[Problem to solve]
Whatever precedes the line containing "Leather Look 'To" is not copied; that line and every line after it through the final one below are copied exactly, except pictures.

[Dataset extract]

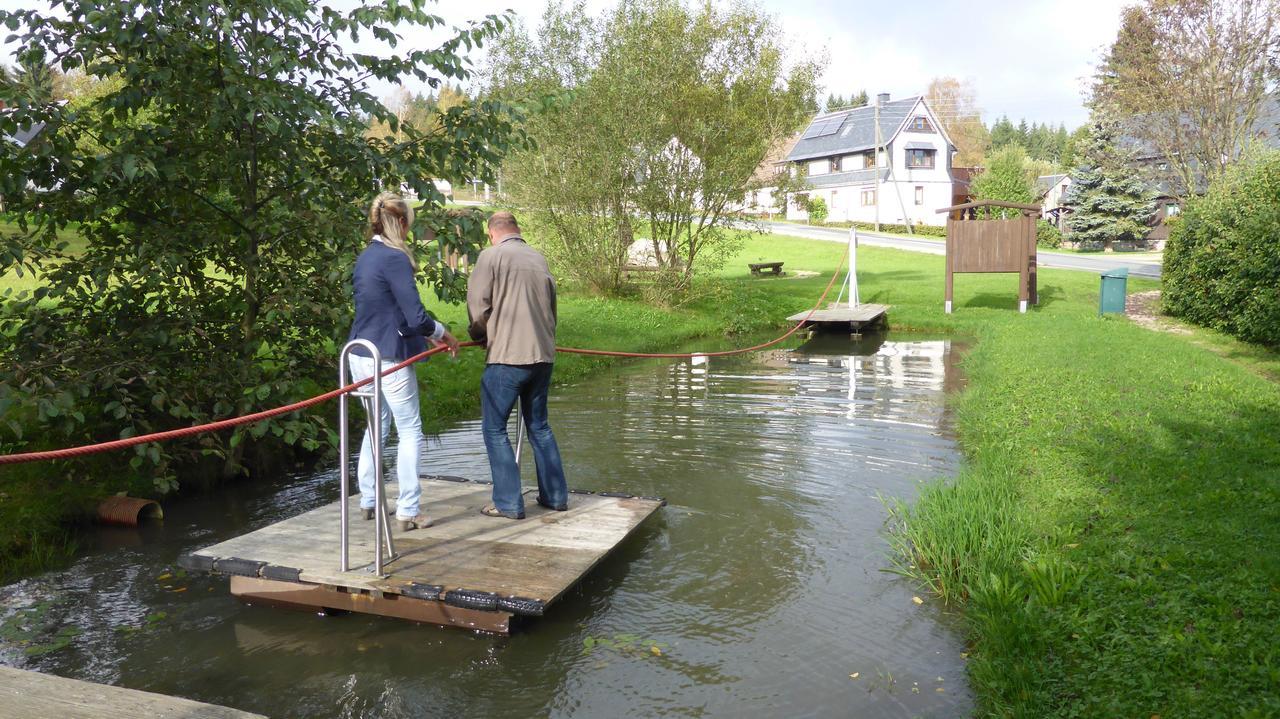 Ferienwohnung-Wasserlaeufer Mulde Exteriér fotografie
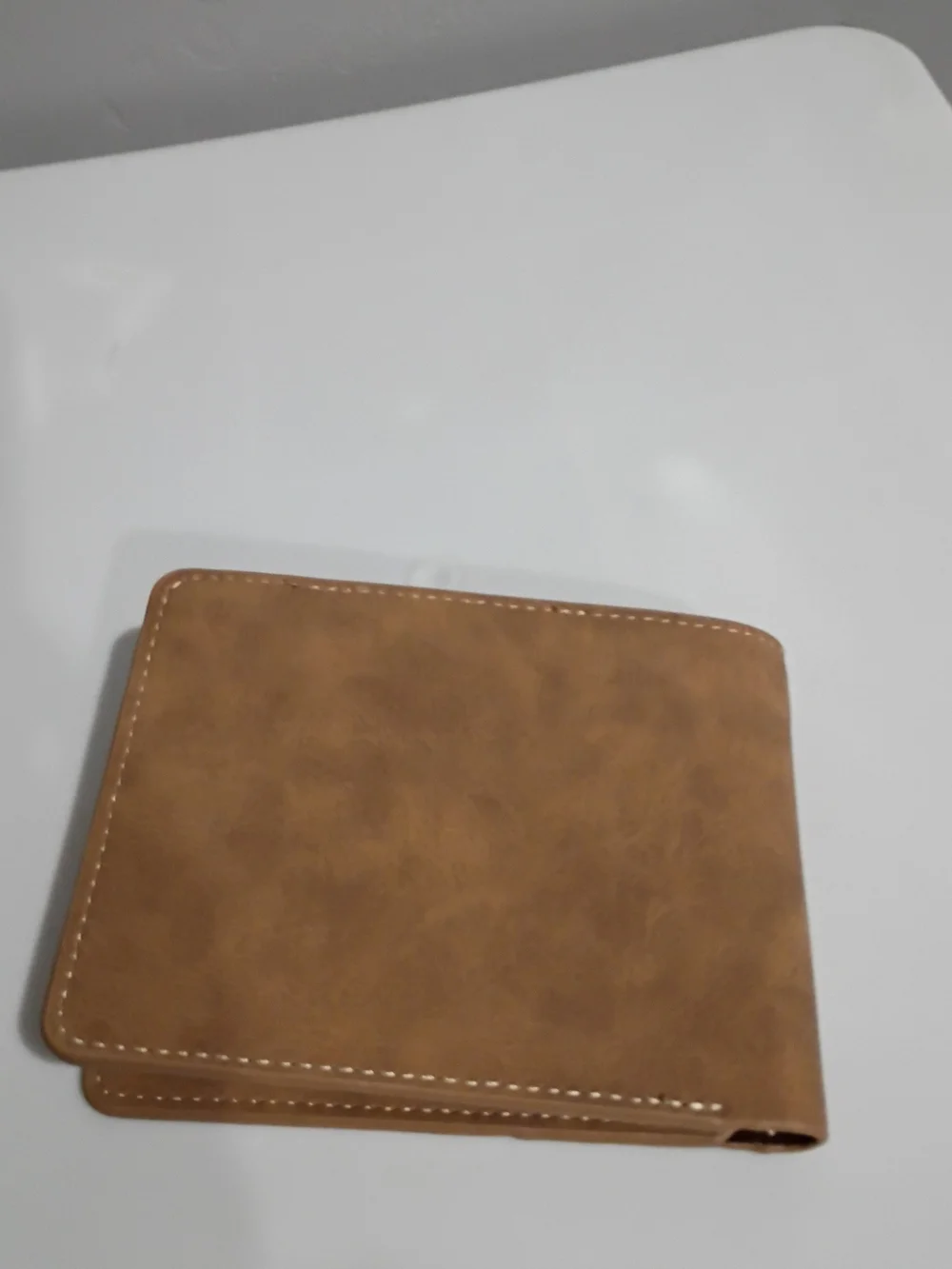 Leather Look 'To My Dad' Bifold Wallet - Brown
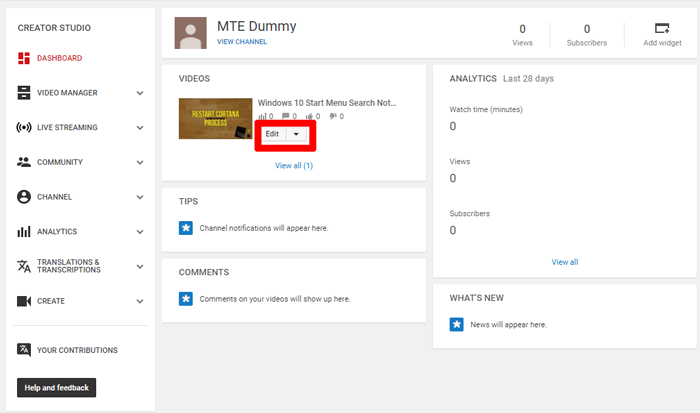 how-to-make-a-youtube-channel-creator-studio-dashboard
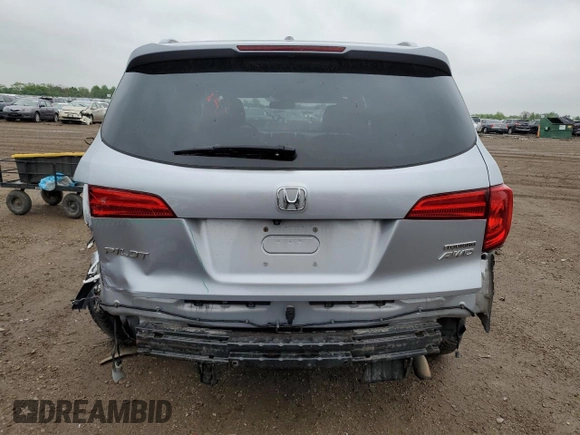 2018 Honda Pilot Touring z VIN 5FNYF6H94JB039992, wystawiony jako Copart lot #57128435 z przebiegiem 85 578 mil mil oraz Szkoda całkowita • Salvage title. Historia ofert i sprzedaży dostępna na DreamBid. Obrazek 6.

[Output for this exercise]
 Leather Look 'To My Dad' Bifold Wallet - Brown
 how-to-make-a-youtube-channel-creator-studio-dashboard
 2018 Honda Pilot Touring z VIN 5FNYF6H94JB039992, wystawiony jako Copart lot #57128435 z przebiegiem 85 578 mil mil oraz Szkoda całkowita • Salvage title. Historia ofert i sprzedaży dostępna na DreamBid. Obrazek 6.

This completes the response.